>>>
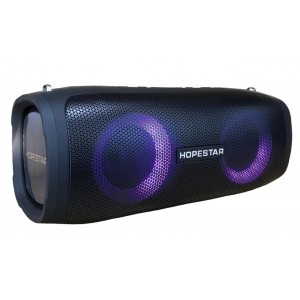 Колонка портативна Hopestar А6 Party Bluetooth FM LED чорний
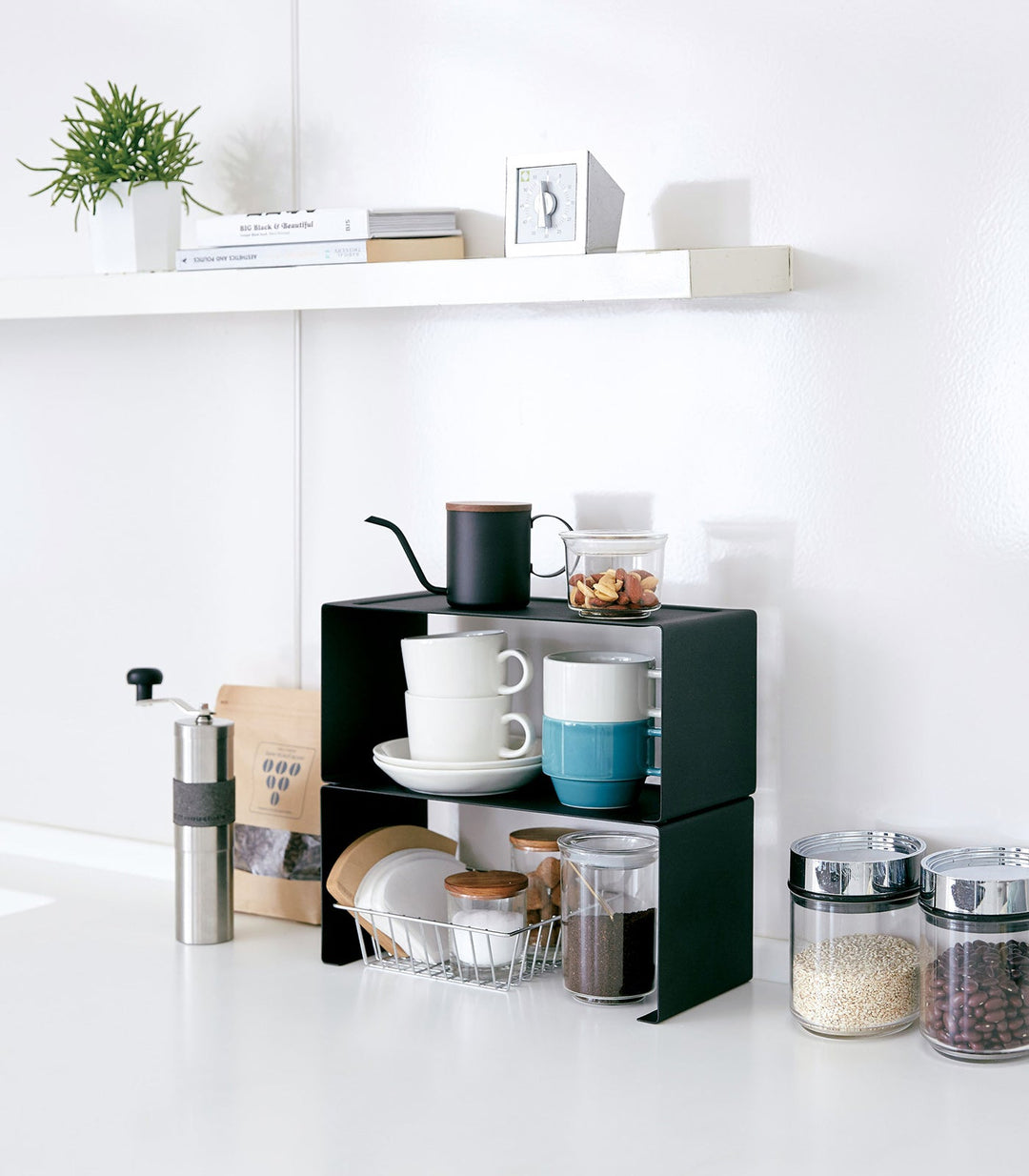 Stornfield | Stackable Kitchen Shelf - Two Sizes - Steel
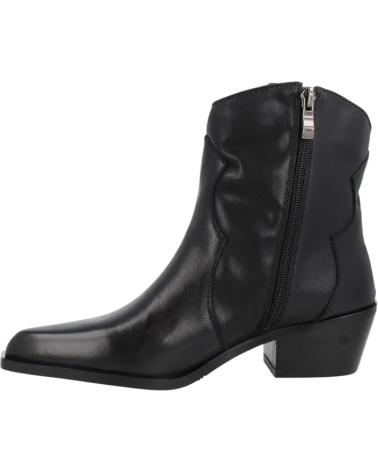 BOTTINES COWBOY ITSE DALLAS NOIRES EN CUIR NEGRO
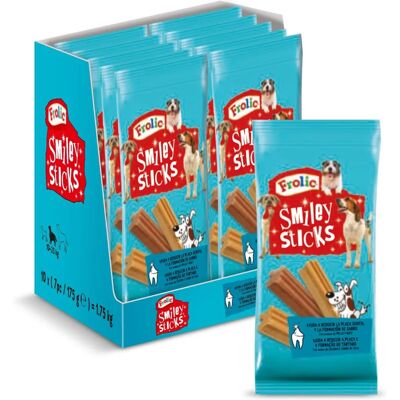 Palitos Dentales Smiley Frolic para Perros - Pack de 10 x 175g Palitos Dentales Smiley Frolic para Perros - Pack de 10 x 175g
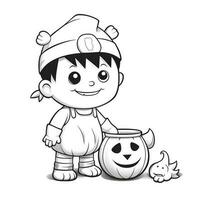 Halloween Coloring Pages photo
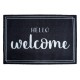 Sdim Πατάκι Εισόδου Μοκέτα με Αντιολισθητικό Υπόστρωμα Mondial 060 Hello Welcome 50x75εκ. Πάχους 8mm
<<<
**Problem description:**
Leaving pictures out, output the lines of the data above from the one with "BOTTINES COWBOY ITSE" through the one with "Halloween Coloring Pages photo", word for word.

**Task answer:**
 BOTTINES COWBOY ITSE DALLAS NOIRES EN CUIR NEGRO
 Palitos Dentales Smiley Frolic para Perros - Pack de 10 x 175g Palitos Dentales Smiley Frolic para Perros - Pack de 10 x 175g
 Halloween Coloring Pages photo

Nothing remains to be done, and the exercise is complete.